Le candomblé est une religion syncrétique issue de la rencontre des cultes africain et catholique au Brésil. Il a été, dès sa création, un enjeu de pouvoir. Il est aujourd'hui l'objet d'une volonté de retour aux sources africaines.

Au Brésil, durant l'époque coloniale, la société reposait sur une structure hiérarchique selon laquelle, lorsqu'un métis s'élevait socialement, il devenait automatiquement un Blanc. Ce « blanchissement social », relaté par les voyageurs étrangers, devint une des caractéristiques fondamentales de la société brésilienne. L'importance des signes extérieurs d'appartenance à la culture blanche était considérable. Il fallait montrer que l'on maîtrisait les codes de la culture dominante pour pouvoir améliorer sa position sociale. Le brassage des cultures et le métissage racial étaient alors les bienvenus, mais toujours dans le sens du « blanchissement ».

Le candomblé, aujourd'hui synonyme de résistance culturelle des Noirs, est né à cette époque de l'interpénétration des cultures africaines, européennes et amérindiennes, qui a permis aux esclaves africains et à leurs descendants de préserver leurs traditions religieuses, tout en les adaptant aux nouvelles contingences. Religion fondée sur l'expérience directe de la transcendance, grâce à la possession divine qui entraîne la métamorphose de l'initié en orixá (divinité), le candomblé a considérablement modifié les différentes pratiques africaines. Celles-ci ont été rassemblées dans un même espace (le terreiro, ou maison-temple) et des éléments issus d'autres horizons culturels ont été incorporés.

Lorsque les esclaves débarquaient sur le sol américain, ils étaient rapidement baptisés. Leur instruction religieuse se réduisait à une présentation superficielle des principes religieux catholiques, qui soulignait surtout les qualités de soumission et de résignation de tout bon chrétien. La plupart des esclaves étaient destinés au travail dans les plantations et les moulins à sucre, où l'évangélisation se limitait à la messe dominicale.

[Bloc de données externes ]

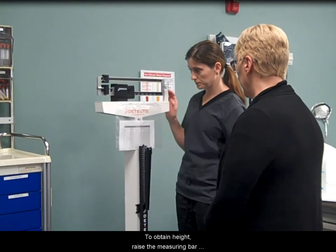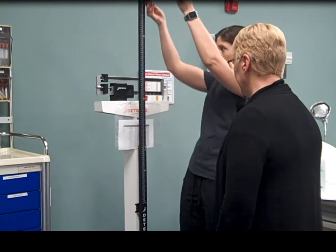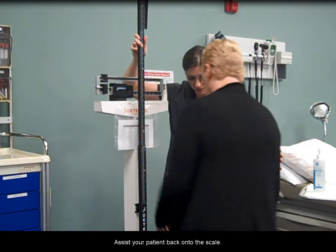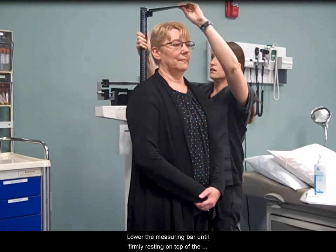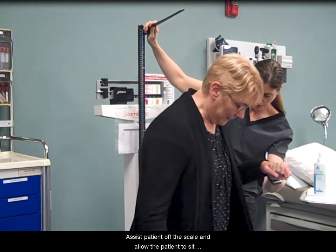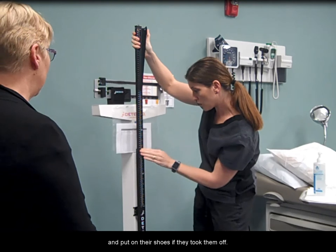To obtain height, raise the measuring bar beyond the patient's height and lift the extension. Assist your patient back onto the scale. Lower the measuring bar until firmly resting on top of the patient's head. Assist patient off the scale and allow the patient to sit and put on their shoes if they took them off.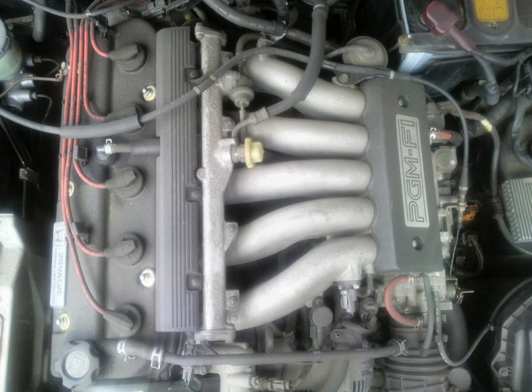G25A: Displacement: 2.5 L, 149.6 cu in, 2,451 cc. Bore x stroke: 85 mm × 86.4 mm (3.35 in × 3.40 in). Compression ratio: 10.0:1. Max power: 140 kW (190 PS), 188 hp at 6,500 rpm. Max torque: 24.2 kg·m (237 Nm), 175 lb-ft at 3,800 rpm.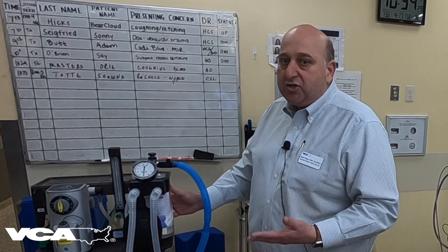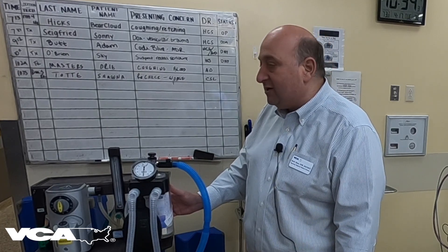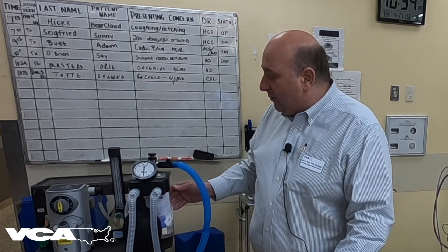An anesthesia machine that's leaking shouldn't be used for a patient until it's been fixed. That's it for this week's Medical Minute, and have a great week.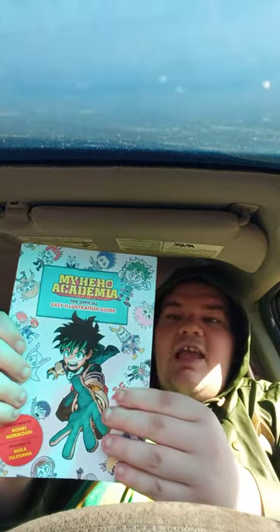I got two books. I got the Entertainment Earth thing a couple weeks ago. So let's go ahead and take this one out and see what it is. I thought this was pretty cool because, as some of y'all may know, I do drawings too while I'm bored. Check this out — it is the My Hero Academia official illustration guide. I'm going to look through every page. This is how to draw the characters like Deku, All Might, Bakugo, Araka, Lemillion and all that.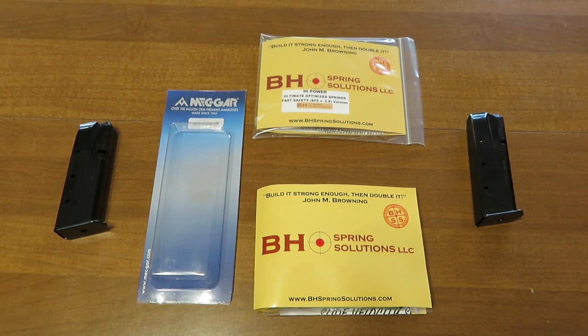Hey guys, Mark Allen here for BH Spring Solutions. Do magazines wear out and when should I replace one? Today we're going to give you a good example of when that would be.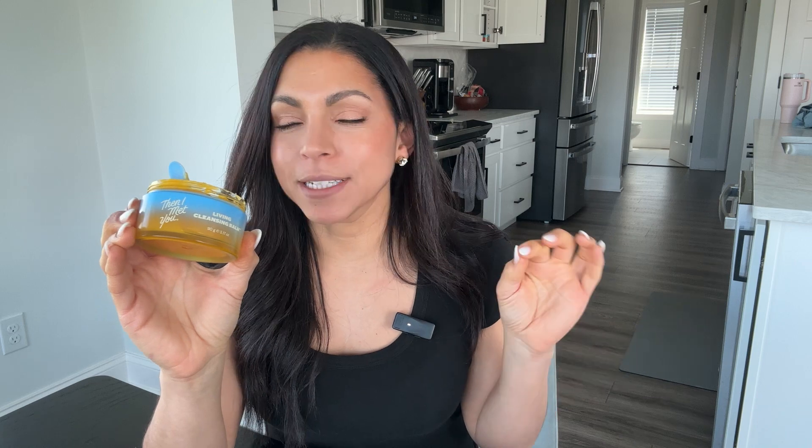If you are a double cleansing girl, you have got to try this cleansing line. Literally the smell alone — I would give it five stars just for the smell. It's like lemony heaven. It's so invigorating, but not in a way that's gonna keep you awake.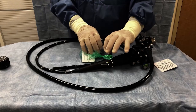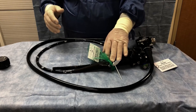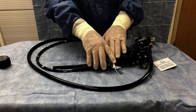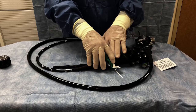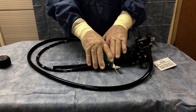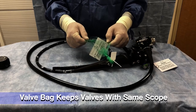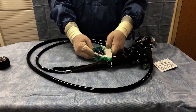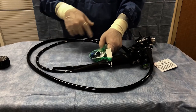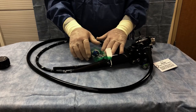Whenever the scope is processed in high-level disinfection, it has a tag attached that identifies the scope — the serial number, the machine it was processed in, and the date and time it was processed. This little green bag attached to it, which looks like an avocado bag — that is what we call them — holds the valves that belong to this scope. These valves follow the scope everywhere it goes unless one has a problem, in which case we replace it. Each scope has its own dedicated set of valves.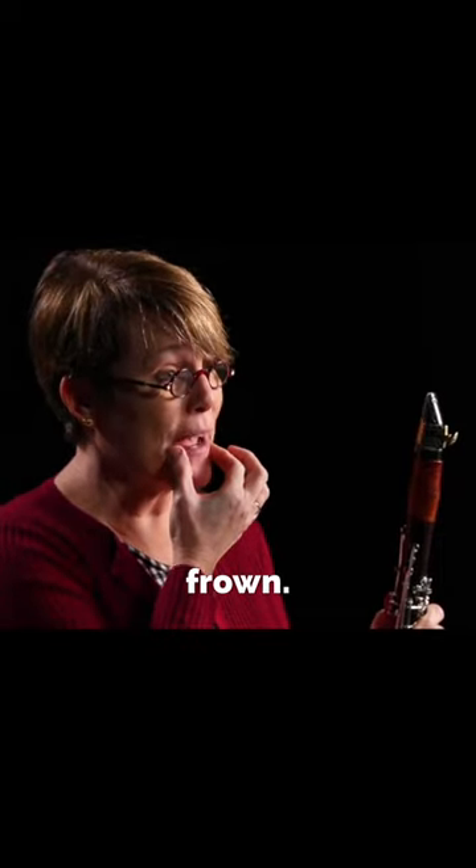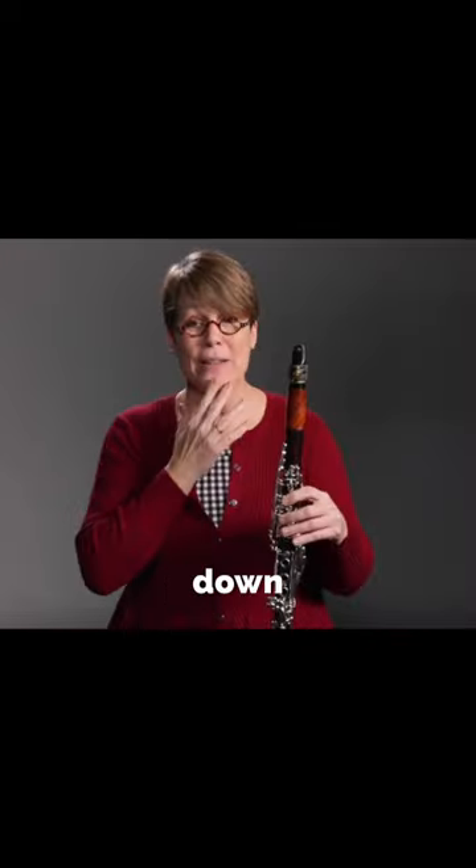Next, teeth are on top of the mouthpiece, corners come in and down like a frown — we don't want to pull back tight like this — and the chin is pulled down nice and flat.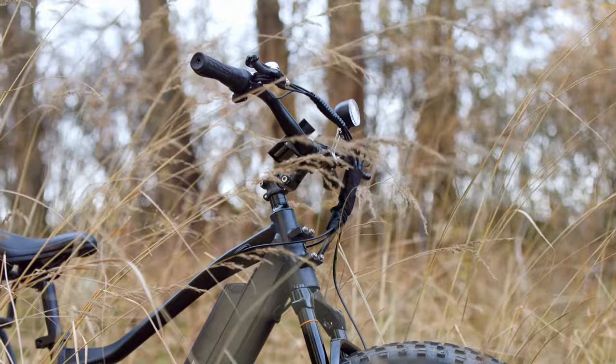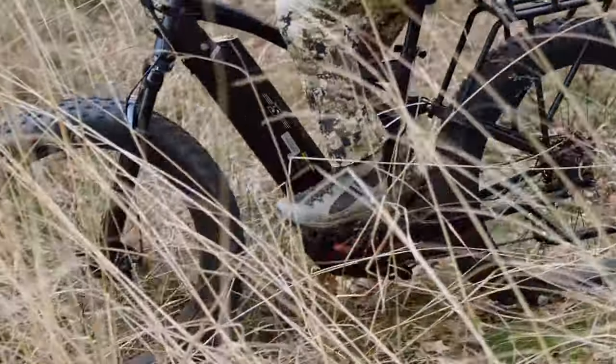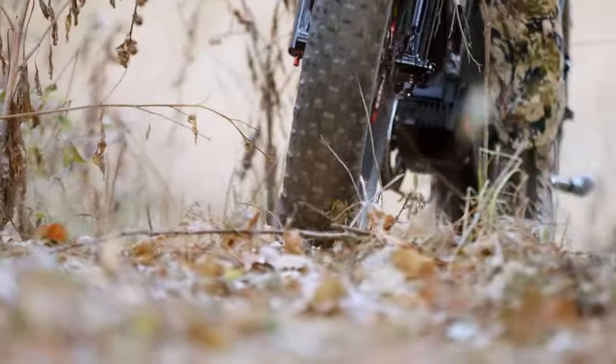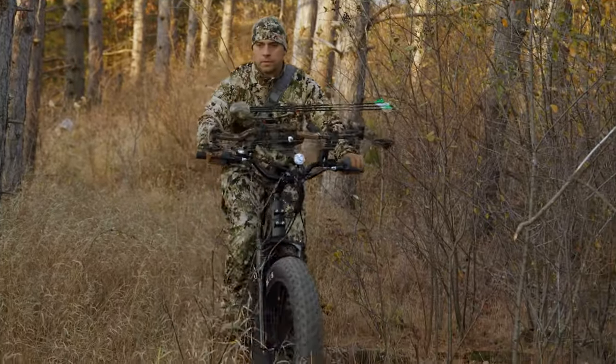Building on the rock-solid reputation of our Mule 750, our Explorer Series is getting an overhaul. With 4.8-inch tires that take fat tire quite literally, you have bigger tires to tackle bigger obstacles.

Vers la fin du xviiie siècle, avec le déclin de la culture de la canne à sucre dans les campagnes du Nordeste brésilien, l'Eglise catholique devint beaucoup plus présente dans la vie quotidienne des esclaves africains et des affranchis concentrés dans les villes. Ces derniers créèrent des confréries noires autour d'un saint ou d'une vierge, telle la confrérie de Notre-Dame du Rosaire, une vierge noire, celle de saint Benoît le Maure, l'un des saints préférés des esclaves africains, ou encore celle des Hommes noirs, réunissant les Noirs affranchis.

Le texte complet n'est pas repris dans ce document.